Elija and Theotis arrive at the meat plant, where J.D. is waiting & Roberta appears after secretly tagging along. J.D. reveals the truth, and Theotis confesses it, admitting he was envious of Elija, stunning his brother and daughter. Theotis attempts to gun down J.D. again, but Elija and Roberta struggle with him to stop, with J.D. laughing maniacally at the irony of the struggle. Elija accidentally discharges the weapon and kills Theotis, prompting him to run away as Roberta mourns over his body and the police arrive. With his vengeance achieved, J.D. appears to leave Ike's body.

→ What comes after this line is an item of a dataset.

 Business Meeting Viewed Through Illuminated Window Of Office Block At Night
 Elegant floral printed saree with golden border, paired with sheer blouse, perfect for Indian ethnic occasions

As Ike and Roberta are brought in by the police, Elija has a breakdown in his church over killing his brother. He decides to go to the precinct and lies to captain Turner that Theotis accidentally shot himself, while defending Ike's actions as an act of possession by J.D., who is gone. Roberta reconciles with Elija and continues to acknowledge him as her father. Turner decides to let Ike go free, although Ike is nervous that J.D. could return in the future. Ike rejoins Christella and their friends waiting for him outside.

==Production==
Filming for J.D.'s Revenge began on January 5, 1976, in New Orleans, Louisiana, and concluded on February 6, with post-production commencing on March 1. It premiered in Los Angeles on June 30, 1976.

The film was also released under the alternate title The Reincarnation of J.D. Walker.

==Reception==
Film critic Roger Ebert gave the film two stars, pointing out that it was a "movie of possession where things have to pause while the spirit has things explained to it", and that it "takes longer than usual for the possessed man's friends to figure out something is not quite right with him". He added that "what makes the movie work, to the degree that it does, are the performances by Turman, Lou Gossett and Joan Pringle. Turman, in particular, has fun transforming himself from the mild-mannered law student to the zoot-suited 1940s two-bit gangster".

==Home video==
J.D.'s Revenge was released on DVD by MGM Home Video on April 1, 2003, as a Region 1 widescreen DVD. On November 14, 2017, Arrow Video released the film on Blu-ray, featuring a 2K restoration of the movie from the original 35 mm interpositive and several special features.